Sometimes a single dish turns out so big that it is enough for four people, if you pair it with individual cups of rice, as it was with Stir fried beans with mince, ordered by my pal .'Twas successful cooking, with a sea of immaculately diced toothsome beans, with the mince adding fullness and savoury heft. Quail egg salad, at a very reasonable $12, had a remarkable quantity of two dozen eggs ! , excellently accessorized with sun choy greens to cut the creamy yolks, the only quibble being the slightly leathery integument of the preserved petites. 
 
 
 
 
On a Friday evening , the place sported a preponderance of Chinese patrons, of all ages, which is almost always the case here, with multi-ethnicity not being a highlight even though the staff are decently behaved towards non-Chinese and the food has a wide-ranging deliciousness.
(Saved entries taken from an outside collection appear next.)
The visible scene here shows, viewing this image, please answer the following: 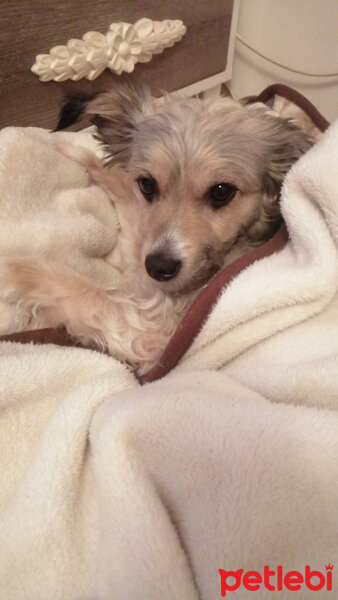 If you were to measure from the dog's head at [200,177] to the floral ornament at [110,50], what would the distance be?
0.16 metres

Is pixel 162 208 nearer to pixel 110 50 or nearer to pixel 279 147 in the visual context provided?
pixel 279 147

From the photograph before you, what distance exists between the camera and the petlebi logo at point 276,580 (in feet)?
1.86

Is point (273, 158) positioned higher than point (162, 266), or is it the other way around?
point (273, 158)

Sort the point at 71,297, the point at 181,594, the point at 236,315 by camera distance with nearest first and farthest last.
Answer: the point at 181,594 → the point at 236,315 → the point at 71,297

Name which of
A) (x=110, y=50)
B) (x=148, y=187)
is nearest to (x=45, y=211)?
(x=148, y=187)

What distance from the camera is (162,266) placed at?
1047mm

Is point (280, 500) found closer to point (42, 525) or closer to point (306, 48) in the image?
point (42, 525)

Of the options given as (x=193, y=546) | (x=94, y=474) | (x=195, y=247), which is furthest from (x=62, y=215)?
(x=193, y=546)

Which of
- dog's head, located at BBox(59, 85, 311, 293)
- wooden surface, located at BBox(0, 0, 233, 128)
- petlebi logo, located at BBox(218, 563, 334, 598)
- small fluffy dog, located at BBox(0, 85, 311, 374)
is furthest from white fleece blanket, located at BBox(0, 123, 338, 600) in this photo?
wooden surface, located at BBox(0, 0, 233, 128)

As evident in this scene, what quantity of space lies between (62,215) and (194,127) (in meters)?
0.45

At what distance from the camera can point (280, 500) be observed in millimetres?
597

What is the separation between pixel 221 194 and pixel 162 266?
0.86 ft

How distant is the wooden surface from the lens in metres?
1.19

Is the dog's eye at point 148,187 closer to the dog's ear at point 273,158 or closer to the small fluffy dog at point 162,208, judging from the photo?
the small fluffy dog at point 162,208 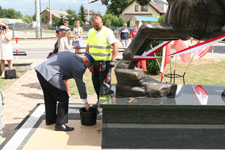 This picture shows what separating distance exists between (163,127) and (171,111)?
8.9 inches

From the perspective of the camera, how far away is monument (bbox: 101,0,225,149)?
3.19m

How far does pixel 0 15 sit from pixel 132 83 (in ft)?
306

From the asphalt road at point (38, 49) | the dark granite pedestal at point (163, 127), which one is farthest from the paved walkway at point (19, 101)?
the asphalt road at point (38, 49)

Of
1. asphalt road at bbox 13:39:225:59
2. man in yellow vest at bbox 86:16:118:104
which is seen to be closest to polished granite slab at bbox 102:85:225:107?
man in yellow vest at bbox 86:16:118:104

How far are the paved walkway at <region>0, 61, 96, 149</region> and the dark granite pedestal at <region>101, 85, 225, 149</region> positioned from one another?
60.6 inches

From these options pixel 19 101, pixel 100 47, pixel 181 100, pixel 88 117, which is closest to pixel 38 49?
pixel 19 101

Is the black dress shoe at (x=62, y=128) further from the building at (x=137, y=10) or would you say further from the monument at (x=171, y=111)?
the building at (x=137, y=10)

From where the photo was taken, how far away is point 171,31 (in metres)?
3.32

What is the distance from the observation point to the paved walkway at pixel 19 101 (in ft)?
14.4

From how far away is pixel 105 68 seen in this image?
15.9 feet

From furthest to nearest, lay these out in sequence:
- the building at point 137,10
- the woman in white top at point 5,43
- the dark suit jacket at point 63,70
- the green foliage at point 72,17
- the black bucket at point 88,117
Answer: the building at point 137,10, the green foliage at point 72,17, the woman in white top at point 5,43, the black bucket at point 88,117, the dark suit jacket at point 63,70

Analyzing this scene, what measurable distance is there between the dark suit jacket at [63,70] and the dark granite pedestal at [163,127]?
0.64 metres

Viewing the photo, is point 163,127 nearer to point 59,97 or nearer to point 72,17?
point 59,97

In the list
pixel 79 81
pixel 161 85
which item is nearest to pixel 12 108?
pixel 79 81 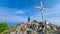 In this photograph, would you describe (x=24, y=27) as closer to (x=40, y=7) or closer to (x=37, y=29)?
(x=37, y=29)

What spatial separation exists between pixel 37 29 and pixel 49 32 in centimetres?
225

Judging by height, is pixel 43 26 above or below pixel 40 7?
below

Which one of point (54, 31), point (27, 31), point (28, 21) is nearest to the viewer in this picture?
point (54, 31)

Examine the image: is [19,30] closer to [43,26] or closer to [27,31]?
[27,31]

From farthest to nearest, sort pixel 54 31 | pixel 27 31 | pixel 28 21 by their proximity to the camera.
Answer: pixel 28 21
pixel 27 31
pixel 54 31

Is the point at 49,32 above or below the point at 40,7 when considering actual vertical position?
below

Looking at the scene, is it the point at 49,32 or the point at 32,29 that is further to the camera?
the point at 32,29

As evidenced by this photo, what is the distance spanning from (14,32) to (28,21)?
3700 millimetres

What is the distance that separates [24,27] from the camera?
27203mm

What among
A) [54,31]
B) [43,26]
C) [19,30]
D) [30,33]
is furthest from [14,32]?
[54,31]

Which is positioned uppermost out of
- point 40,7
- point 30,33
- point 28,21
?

My companion was surprised to note this, noting how many other Chinese restaurants do not manage to attract such a concentrated clientele.  
 
Fish Hot Pot with fried bread is a big favourite here, and though it is generously portioned, its $49 charge was at least ten dollars too many and not quite the flavour riot others had pumped it up to be. Served in a steel pot with fire still lit underneath to keep the liquid bubbling, the broth was a mild sweetish concoction well suited to mopping up with rice, while chunks of fish, likely blue cod, had been admirably left bone-in to enhance the flavour. My friend had once ordered spicy beef with bamboo shoots. Some of you already know my mammal-sparing rule, now more than a year old, and yes it was completely barbaric of me to slaughter the rule and I hear some vestigeal critic in me reporting that the meat was tender with an excellent chilli sauce (not that different from Andhra style chilli chicken) avec exemplary bamboo shoots  of refreshing succulence. This vegetable is notoriously difficult to get right and I have had some positively awful Konkani versions of it (called "Keerlu") but these here even sported gentle aroma devoid of any bad funk.  
 
 
 
 
 
 
Home-cooks should note how pleasantly doused the Stir fried Chicken with Octopus was in a visually inconspicuous sauce humming with the zing of bell peppers and garlic. Succulent chunks of surf and turf dovetailed, the chicken soft to the point of being limp, while baby octopus had virtually no flavour (perhaps it will have never have it anyway) but it was at indubitably tender  (a major triumph for those who've endured the trauma of chewy rubbery octopus).
 
 
 
 
I'm glad I have this joint nearby. Its song is mainstream in a way that would make the off-road punks a bit insecure, and it sings it complete with arias and twangs even when the house is near-empty.